→ The data
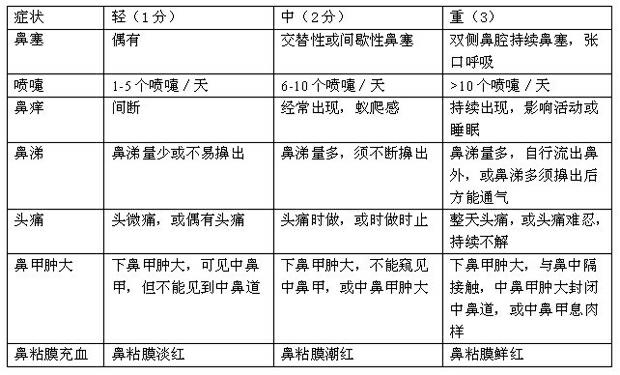 Chinese medicinal preparation for treating rhinitis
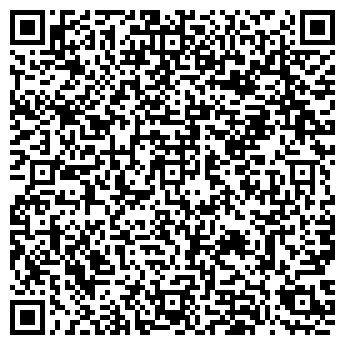 QR-код с контактной информацией организации Панораммы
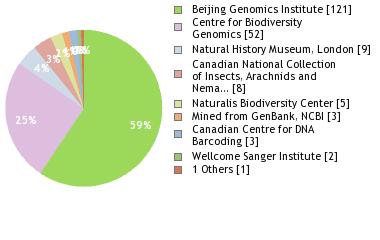 Sequencing Labs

→ What to work on
Print every line of the data exactly. Pictures do not belong in the copy.

→ Solution
 Chinese medicinal preparation for treating rhinitis
 QR-код с контактной информацией организации Панораммы
 Sequencing Labs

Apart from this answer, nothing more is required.